TASK REQUIREMENTS –
From the entries below, write out exactly the lines between the line holding "has unusual symptoms" and the line holding "Psoriasis harbund 75nm8tgd3", inclusive, excluding any pictures.

RECORD EXCERPTS –
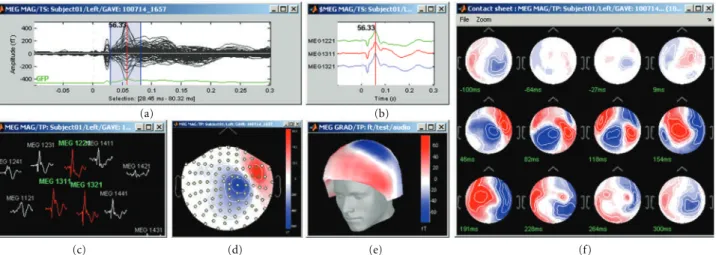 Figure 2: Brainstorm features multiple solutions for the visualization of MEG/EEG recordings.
---
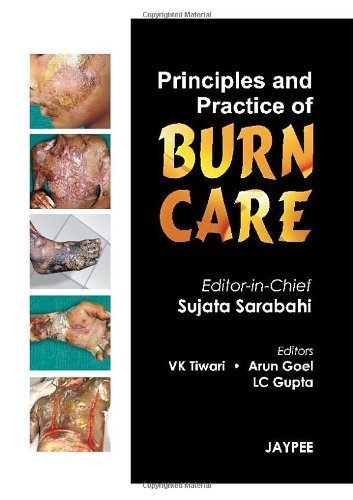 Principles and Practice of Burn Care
* * *
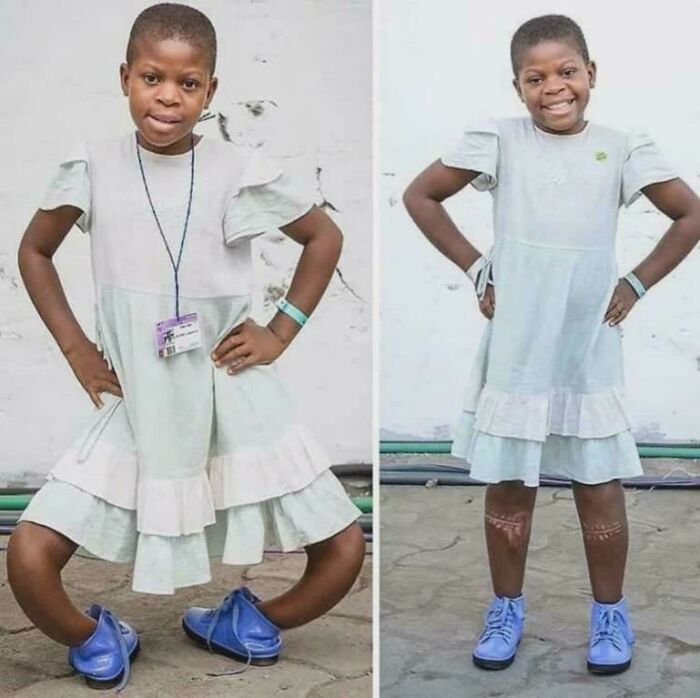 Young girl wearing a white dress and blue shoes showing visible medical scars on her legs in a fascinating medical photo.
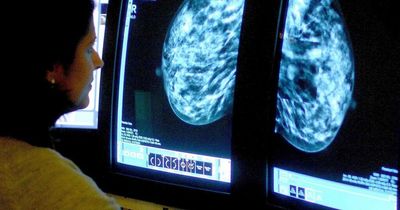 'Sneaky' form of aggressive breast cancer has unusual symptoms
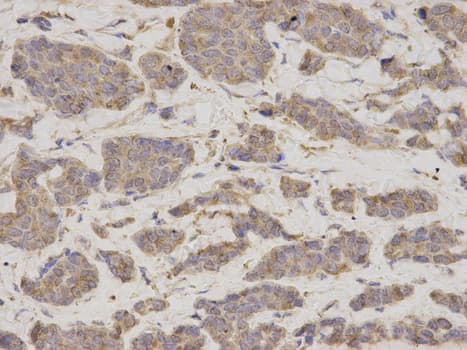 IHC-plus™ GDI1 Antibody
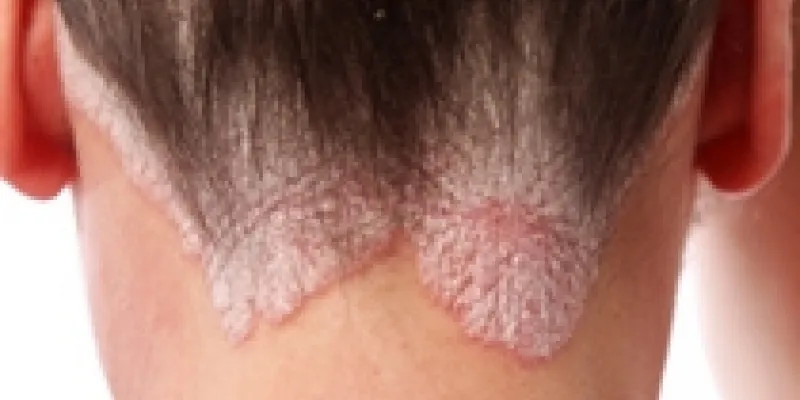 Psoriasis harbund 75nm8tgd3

RESPONSE –
 'Sneaky' form of aggressive breast cancer has unusual symptoms
 IHC-plus™ GDI1 Antibody
 Psoriasis harbund 75nm8tgd3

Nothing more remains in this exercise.